Lord Mayor Adrian Schrinner said Council invested $24.1 million in the critical project which demonstrated the importance of building more resilient infrastructure.

“As Australia’s fastest growing capital, the Schrinner Council is investing in the infrastructure Brisbane’s needs for future growth,” Cr Schrinner said.

“After experiencing some of the worst flooding our city has ever seen, the Gresham Street bridge project is also an important reminder of how critical it is to incorporate flood resilience into our designs.

“Gresham Street Bridge was constructed in 1931 and the almost a century-old timber structure was prone to minor flooding and in need of replacement after reaching the end of its lifespan.

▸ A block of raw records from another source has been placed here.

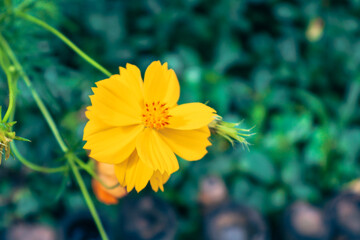 Vibrant yellow flower in lush green surroundings, showcasing nature's beauty, ideal for floral themes and design projects.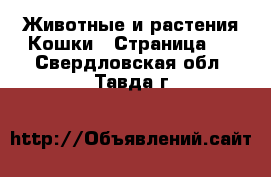 Животные и растения Кошки - Страница 3 . Свердловская обл.,Тавда г.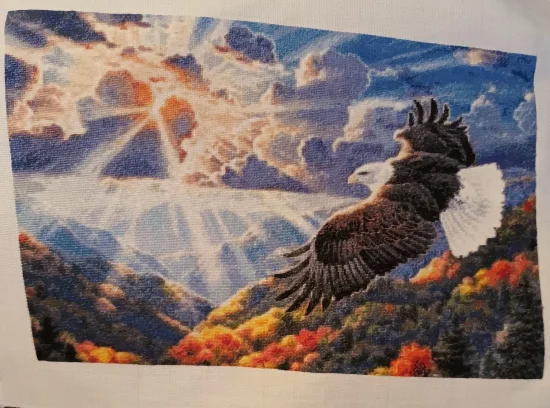 Полетът на орела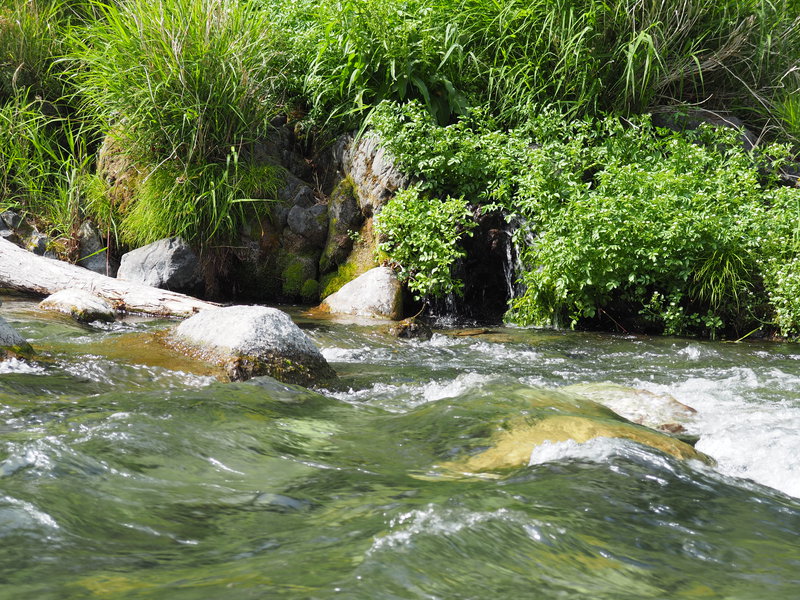 始めましての氷川キャンプ場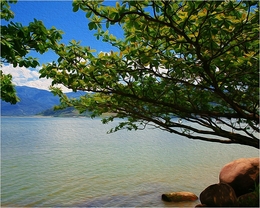 Praia da Ribeira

“Today marks the opening of the new concrete bridge, which is more durable than timber and features a new, elevated design to improve its flood immunity.

“As part of the project, we also undertook significant improvements to the drainage infrastructure on Gresham Street, Royal Parade and Waterworks Road.”

The Gap Ward Councillor Steve Toomey said Gresham Street bridge was the only access point for locals entering in and out of St Johns Wood.

“We’re committed to improving our roads to get residents home sooner and safer and the new Gresham Street bridge is a great outcome for the community,” Cr Toomey said.

“The new bridge is wider and safer, with two 2.5 metre shared paths on each side providing reliable access for pedestrians.

“The upgrade now allows buses to take a left hand turn off Waterworks Road into Gresham Street and has an increased load limit from 22.5 tonne to 42.5 tonne.”

The project supported around 30 jobs at the peak of construction.

The Gresham Steet bridge replacement project was jointly funded by Council and the Australian Government which contributed $700,000 as part of the Bridges Renewal Program.